APOCALYPSE NOW !

  Dans une interview publiée dans votre quotidien favori à l’occasion de la parution de son essai « Devant l’effondrement », Yves Cochet annonçait d’une voix caverneuse la fin du monde quelque part entre 2020 et 2030. Ce qui ne nous laisse pas beaucoup de temps pour rentrer le bois du prochain hiver et faire la révision de la voiture avant le passage au contrôle technique. 

  Cochet avait été ministre dans le gouvernement Jospin, juste avant l’effondrement du patron des socialistes français puis il a assisté à l’effondrement du parti vert français, miné par des batailles d’égos entre des dirigeants plus nombreux que leurs électeurs. 

  C’est dire que l’apocalypse, il en connaît un bout. Donc, quand il prédit la fin du monde pour dans quelques mois, on l’écoute – poliment. Cochet avait déjà deviné il y a une quinzaine d’années l’explosion imminente du prix du pétrole dans son livre « Apocalypse, pétrole » (décidément, une obsession), mais là, on attend toujours. Ou alors mon garagiste a oublié de répercuter le prix du baril. 
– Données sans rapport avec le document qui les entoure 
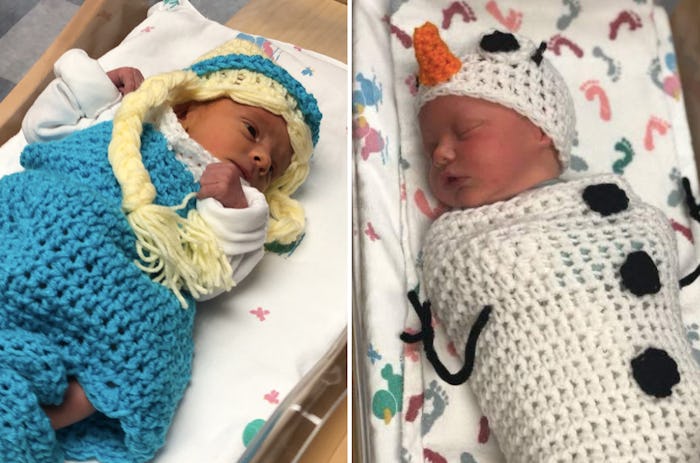 A Kansas-City area hospital dressed babies in "Frozen 2" costumes that are 100% worth melting for to...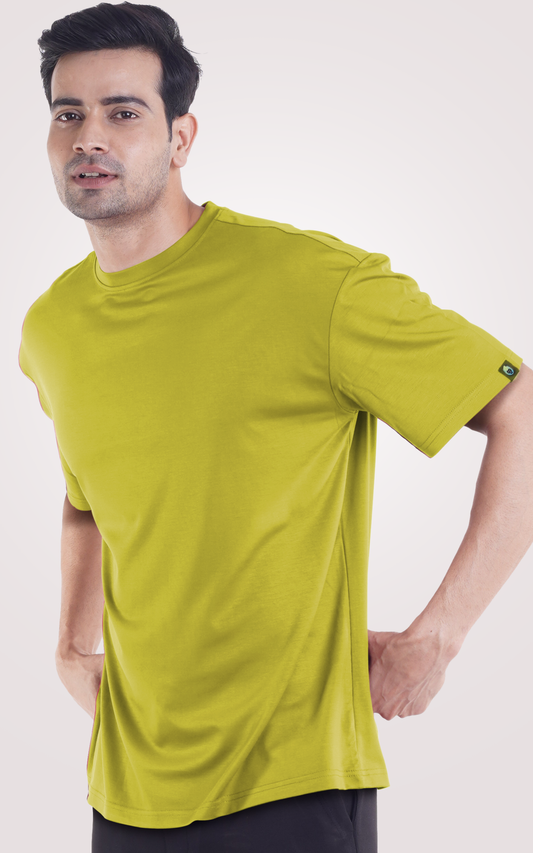 Plain Apple Green Over Size T-Shirt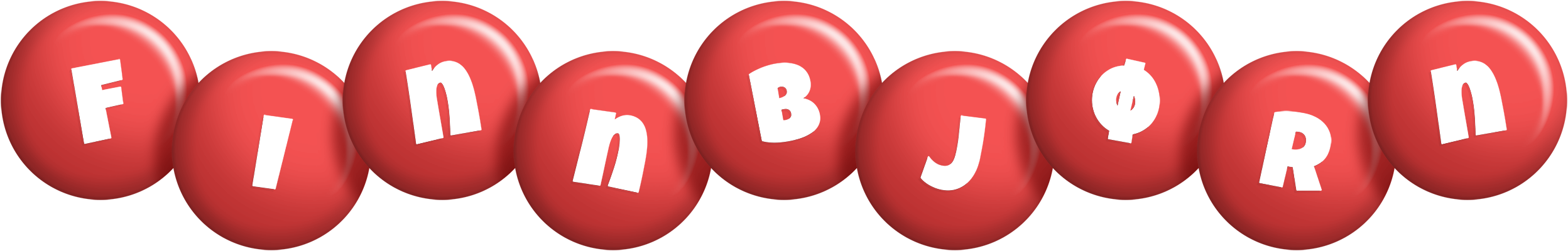 Finnbjørn candy-red logo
  Scénario catastrophe donc. On se retrouve brutalement revenu au temps de l’homme des cavernes. Toutes les avancées de la civilisation ont disparu, électricité, industries, Internet, avions, trains, bagnoles, Trump, Erdogan et même les gouvernements Jambon et Di Rupo – encore que, connaissant ce dernier, il aura réussi à se recaser comme chef de la réserve de dinosaures. 
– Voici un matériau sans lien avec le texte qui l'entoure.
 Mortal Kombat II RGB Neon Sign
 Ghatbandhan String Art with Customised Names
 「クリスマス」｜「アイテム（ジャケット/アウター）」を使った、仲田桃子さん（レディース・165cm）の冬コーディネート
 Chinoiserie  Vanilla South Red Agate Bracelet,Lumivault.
Cette vision de l’avenir explique peut-être pourquoi Trump pousse la NASA à envoyer fissa une expédition sur Mars. Certains experts pensent que la planète rouge a ressemblé à la Terre avant d’être balayée par un cataclysme qui l’a privée de son atmosphère, vidée de son eau, et de tous ceux qui trempaient leurs petits pieds dans ses canaux. 

   Bref, on reconnaît là un des « pitch » favoris des écrivains de science-fiction -dans les années cinquante, c’était généralement la conséquence d’une guerre atomique (au hasard « Malevil » de Robert Merle, « Un cantique pour Leibowitz » de Walter Miller ou « La Planète des singes » de Pierre Boulle). 

Mais l’angoisse apocalyptique remonte bien plus loin. Aux débuts de l’histoire de l’humanité. Les tornades qui ravageaient déjà la terre étaient racontées par des tas de Mr Météo bien avant notre ère : Noé dans la Bible, et auparavant, dans des récits sumériens (-1700 AC), plus tard dans l’Apocalypse de Jean de Patmos, qui clôture en feu d’artifices le Nouveau Testament. A la fin du XIX ème siècle, chez Wells, Poe, Shelley, Rosny aîné.  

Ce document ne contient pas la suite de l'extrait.